No More Excuses To Be Made

Thu, 11/01/2012 - 19:52 -- Xay90

Periodically I find myself coming to the realization I’m an adult, and it’s daunting.

I want to set an example. I’d like to be the embodiment of the ideal you can pursue a passion while simultaneously finding success, but the path towards validation seems so long and unforgiving.

I’m immersed in a profession I love, but I admit the future seems so foggy even as I work with myself vigorously to attain a semblance of financial stability intertwined with the enjoyment of making films, videos, and photography.

I have an amazing support system, wonderful parents, loving Grandparents, and two great siblings. They’ve supported me throughout my endeavors so it’s hard to express the fact I need to make a life for myself through my own means.

It’s just hard to grasp no one looks at me and automatically assumes that’s a kid. There are no more excuses to be made because of my age.

I believe this is the reason I am so reluctant to take compliments. I cringe when individuals compliment me on my work.

I always receive the same gestures of confidence.

“You’re going to make it.”
“You’ll be successful real soon.”
“When you hit it big, don’t forget about the people that helped you.” ”When you reach the top…”

It feels like a burden. This underlying expectation if anyone will find unparalleled success, it will be you.
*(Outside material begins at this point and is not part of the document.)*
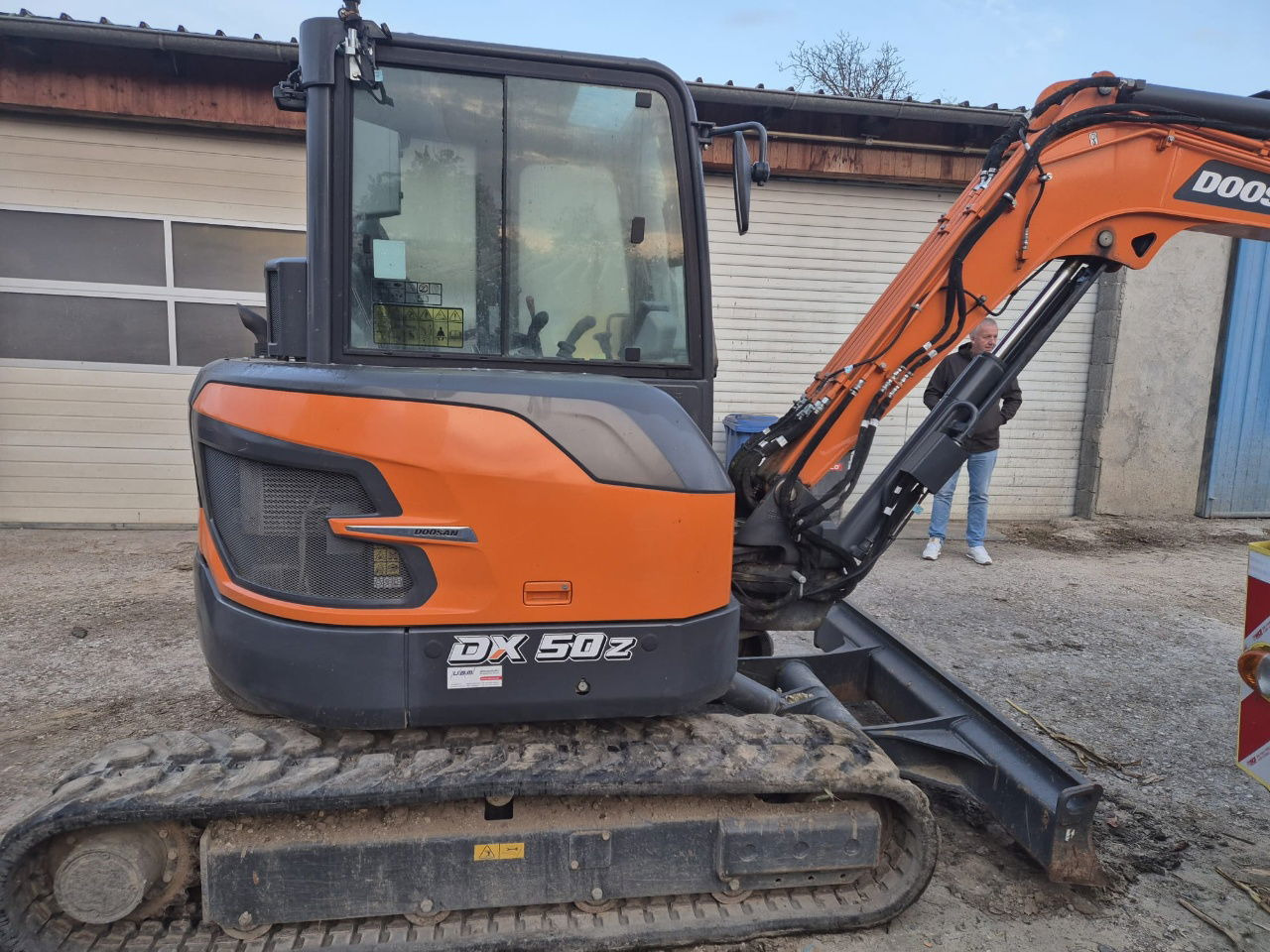 Doosan DX50Z-7 - Powertilt - 2022 Year - 320 Working Hours - Miniexcavadora: foto 3 Doosan DX50Z-7 - Powertilt - 2022 Year - 320 Working Hours - Miniexcavadora: foto 3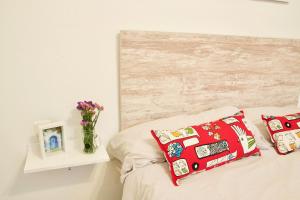 A bed or beds in a room at MalagaUrbanRooms - Beach & Sea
It’s the invisible weight. The nagging dilemma. Expectations you cannot hardily promise will be the inevitable outcome of your future.
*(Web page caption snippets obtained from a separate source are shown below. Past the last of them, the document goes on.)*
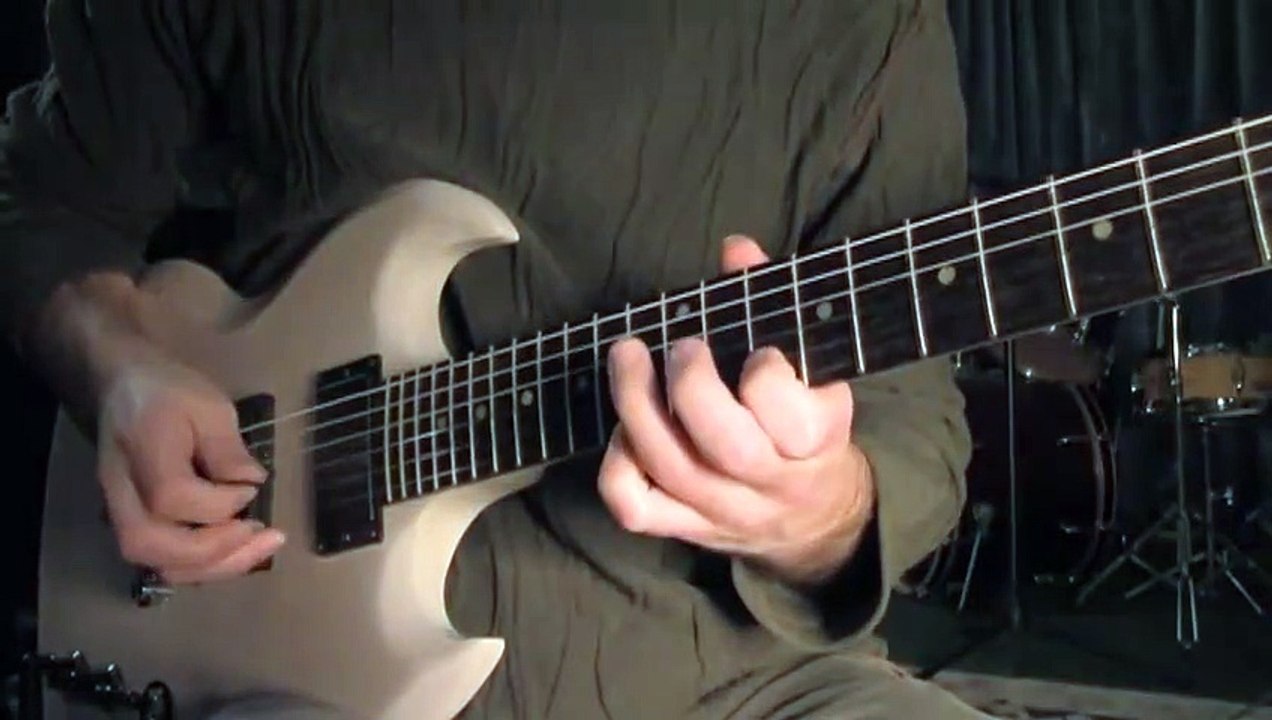 DCustomGuitar - Custom Guitar SG Review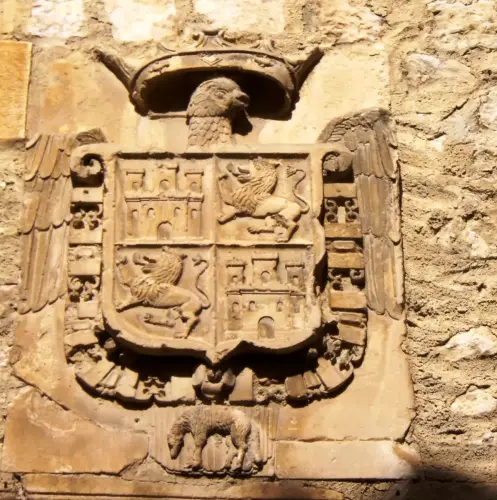 Heraldica-Chinchilla3-Armas-de-Carlos-III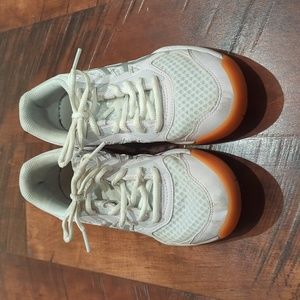 Women's Mizuno Volleyball shoes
I work diligently, but does that mean the people before me who didn’t reach pinnacle of their goals didn’t work hard enough? Does my work ethic, talent, drive automatically ensure stability and success.
It doesn’t. It really doesn’t, and this keeps me up at night worried about the future.
I’m never going to stop working, but I have no excuse. I’m a grown man. One of the millions of faces faithfully hoping to achieve The American Dream.
The idea I couldn’t be successful, even if I hold steadfast into the fading days of my life just…scares me.